### THE DATA:

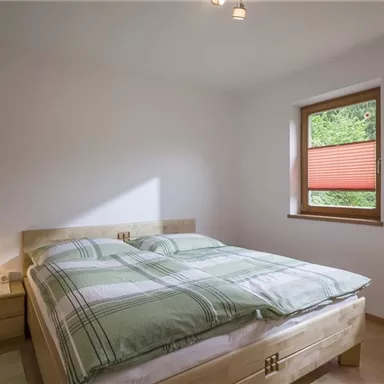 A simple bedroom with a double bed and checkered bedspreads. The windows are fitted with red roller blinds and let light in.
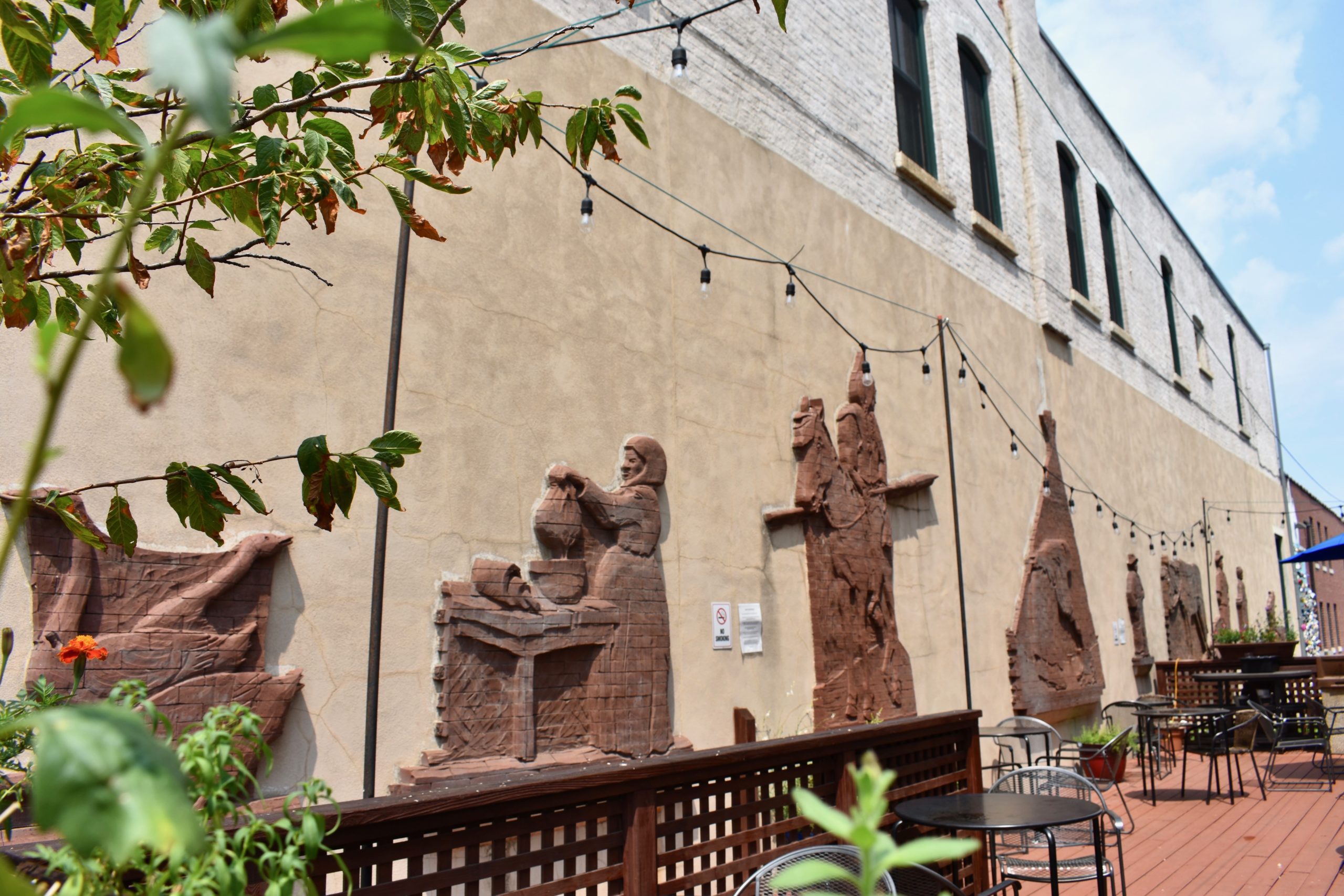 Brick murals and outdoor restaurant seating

...

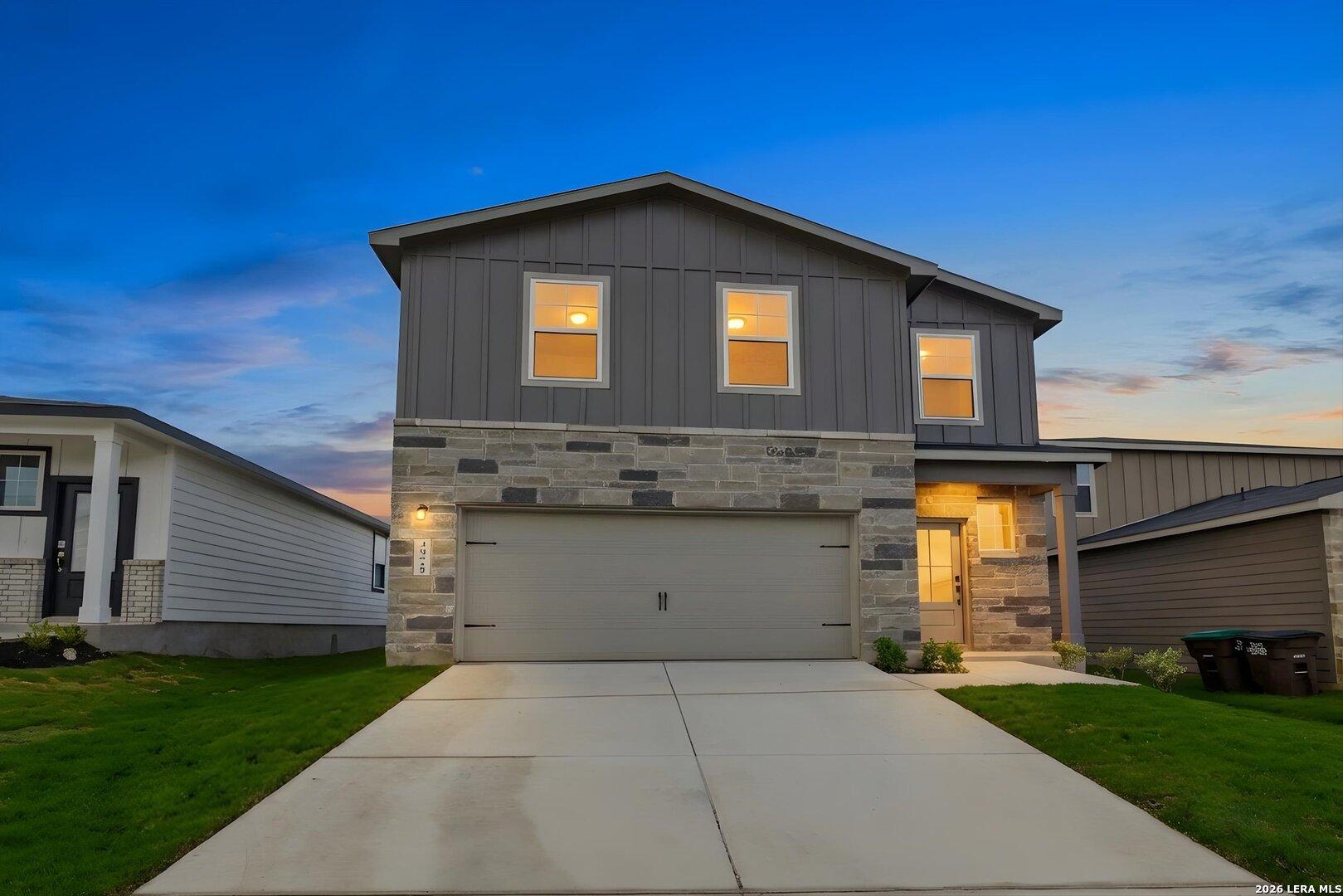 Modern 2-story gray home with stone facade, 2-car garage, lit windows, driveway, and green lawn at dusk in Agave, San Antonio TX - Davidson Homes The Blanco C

* * *

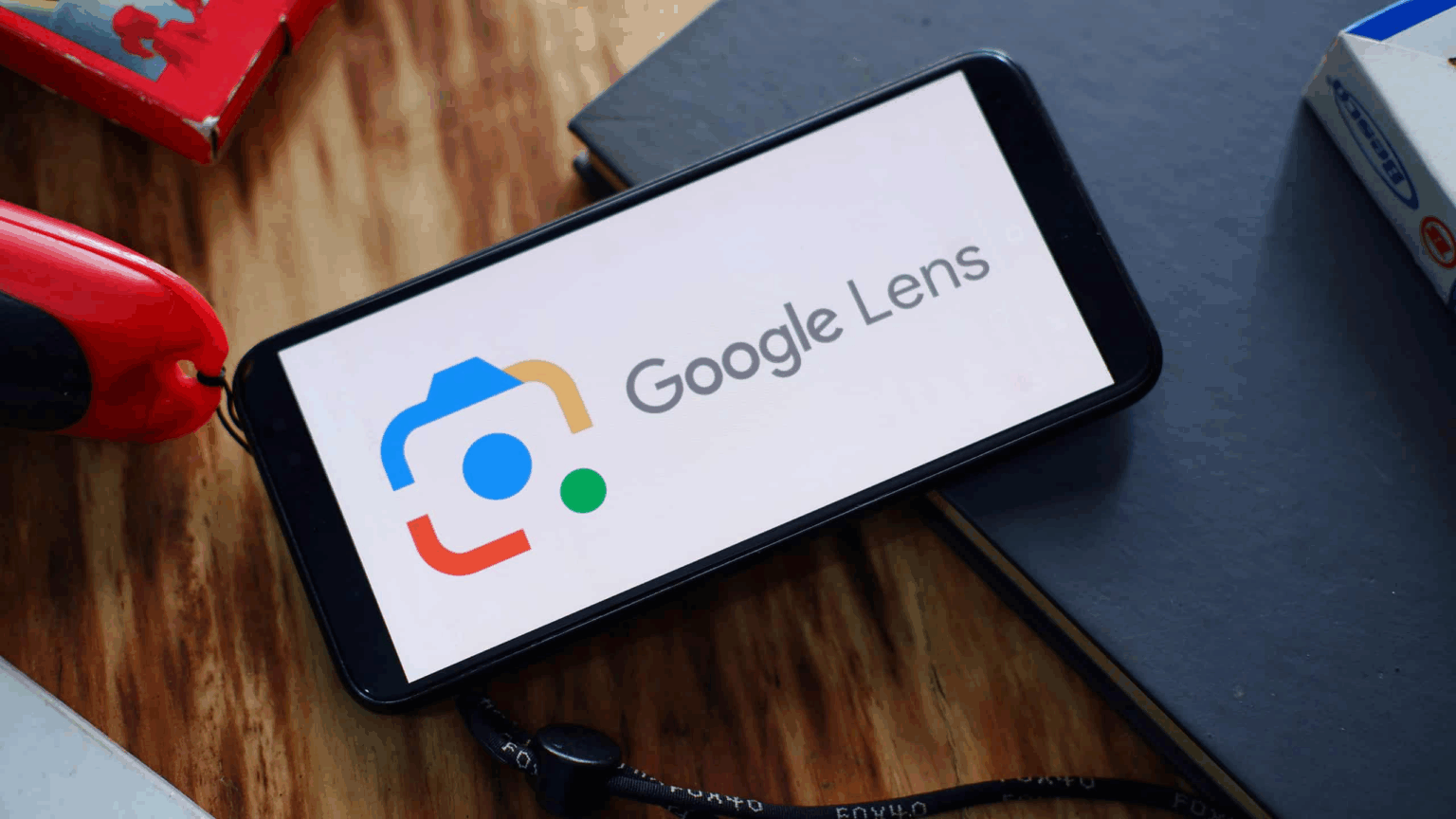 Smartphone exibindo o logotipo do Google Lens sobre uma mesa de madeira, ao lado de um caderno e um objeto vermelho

### INSTRUCTIONS TO FOLLOW:
Exact copy, pictures excluded: every line above from the one containing "A simple bedroom" to the one containing "Brick murals and outdoor restaurant seating", inclusive, and nothing more.

### RESPONSE TO THIS EXERCISE:
 A simple bedroom with a double bed and checkered bedspreads. The windows are fitted with red roller blinds and let light in.
 Brick murals and outdoor restaurant seating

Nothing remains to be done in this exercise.